WHAT YOU SHOULD DO →
When copying the data below, keep only the lines from the one with "We can of course" through the one with "Here we have", word for word, and skip the pictures.

*** INPUT RECORDS ***

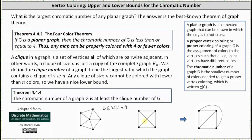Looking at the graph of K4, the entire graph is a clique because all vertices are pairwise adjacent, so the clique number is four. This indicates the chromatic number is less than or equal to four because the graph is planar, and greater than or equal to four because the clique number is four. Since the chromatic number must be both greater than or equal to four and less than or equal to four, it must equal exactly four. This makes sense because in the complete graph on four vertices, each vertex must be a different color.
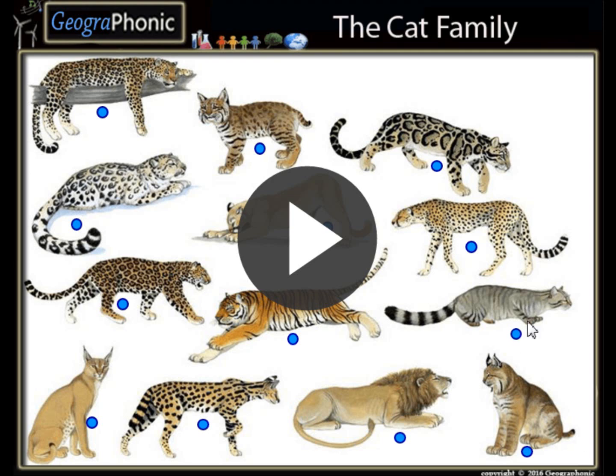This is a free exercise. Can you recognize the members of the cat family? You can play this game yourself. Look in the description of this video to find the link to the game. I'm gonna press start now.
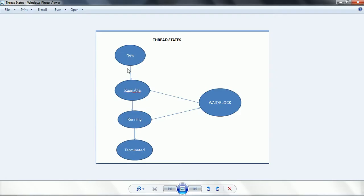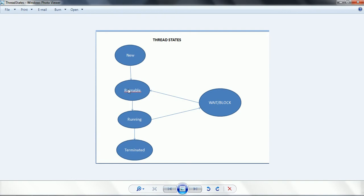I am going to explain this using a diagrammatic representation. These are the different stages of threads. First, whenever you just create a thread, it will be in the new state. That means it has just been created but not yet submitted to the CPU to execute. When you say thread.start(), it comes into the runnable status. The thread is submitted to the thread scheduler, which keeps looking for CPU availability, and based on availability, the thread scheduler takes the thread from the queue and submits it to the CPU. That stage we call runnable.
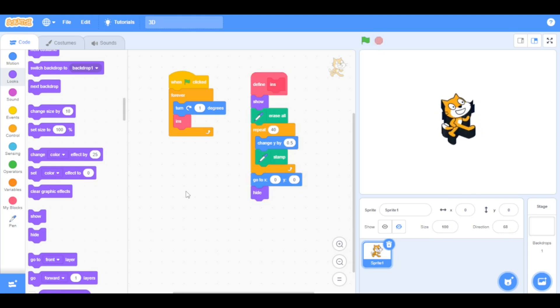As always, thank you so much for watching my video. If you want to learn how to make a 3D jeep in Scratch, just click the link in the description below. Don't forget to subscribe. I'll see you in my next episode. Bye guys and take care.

*** End of INPUT RECORDS ***
*** INPUT RECORDS ***

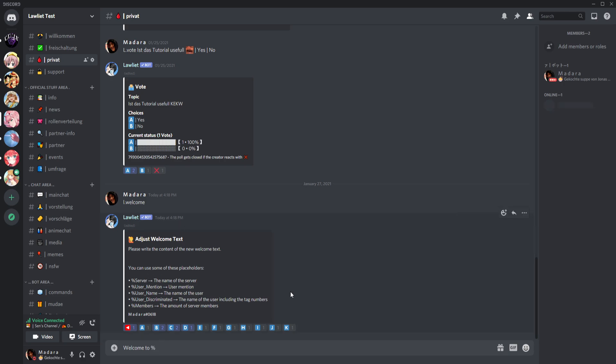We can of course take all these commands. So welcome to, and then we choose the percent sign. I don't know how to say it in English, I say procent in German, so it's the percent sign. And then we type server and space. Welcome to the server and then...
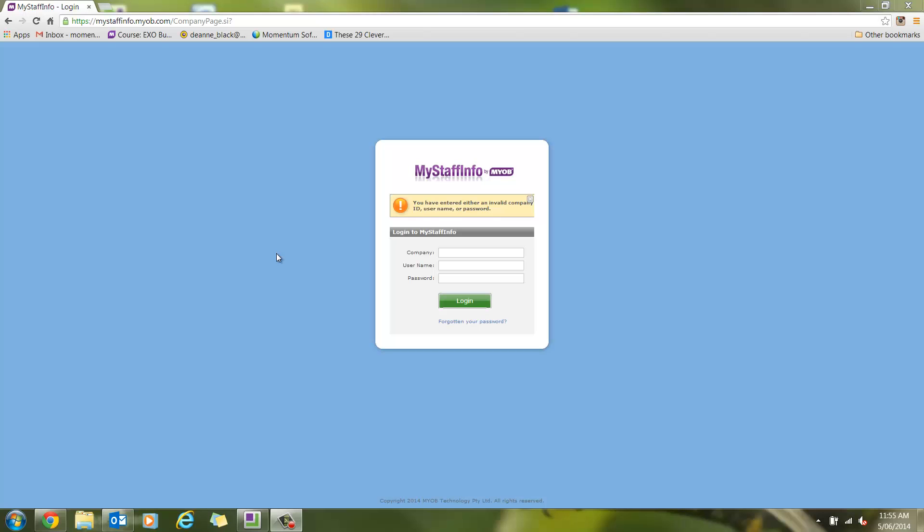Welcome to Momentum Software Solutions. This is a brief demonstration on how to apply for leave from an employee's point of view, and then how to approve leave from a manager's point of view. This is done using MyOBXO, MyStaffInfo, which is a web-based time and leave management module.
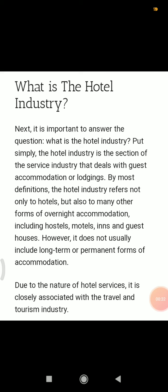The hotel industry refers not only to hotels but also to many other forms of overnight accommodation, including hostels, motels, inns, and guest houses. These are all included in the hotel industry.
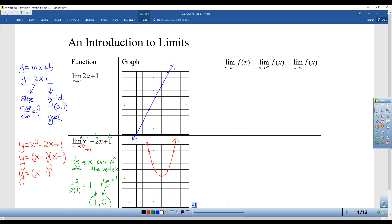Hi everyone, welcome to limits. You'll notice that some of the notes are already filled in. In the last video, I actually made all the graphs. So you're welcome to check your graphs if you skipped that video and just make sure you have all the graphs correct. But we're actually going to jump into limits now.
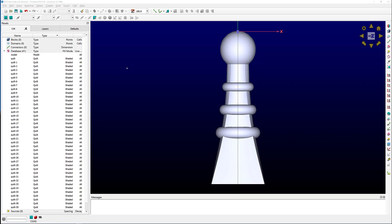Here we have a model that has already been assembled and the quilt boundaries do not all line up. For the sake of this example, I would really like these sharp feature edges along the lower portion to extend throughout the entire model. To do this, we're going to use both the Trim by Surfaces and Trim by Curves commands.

*** End of INPUT RECORDS ***

TASK SOLUTION →
We can of course take all these commands. So welcome to, and then we choose the percent sign. I don't know how to say it in English, I say procent in German, so it's the percent sign. And then we type server and space. Welcome to the server and then...
Welcome to Momentum Software Solutions. This is a brief demonstration on how to apply for leave from an employee's point of view, and then how to approve leave from a manager's point of view. This is done using MyOBXO, MyStaffInfo, which is a web-based time and leave management module.
The hotel industry refers not only to hotels but also to many other forms of overnight accommodation, including hostels, motels, inns, and guest houses. These are all included in the hotel industry.
Hi everyone, welcome to limits. You'll notice that some of the notes are already filled in. In the last video, I actually made all the graphs. So you're welcome to check your graphs if you skipped that video and just make sure you have all the graphs correct. But we're actually going to jump into limits now.
Here we have a model that has already been assembled and the quilt boundaries do not all line up. For the sake of this example, I would really like these sharp feature edges along the lower portion to extend throughout the entire model. To do this, we're going to use both the Trim by Surfaces and Trim by Curves commands.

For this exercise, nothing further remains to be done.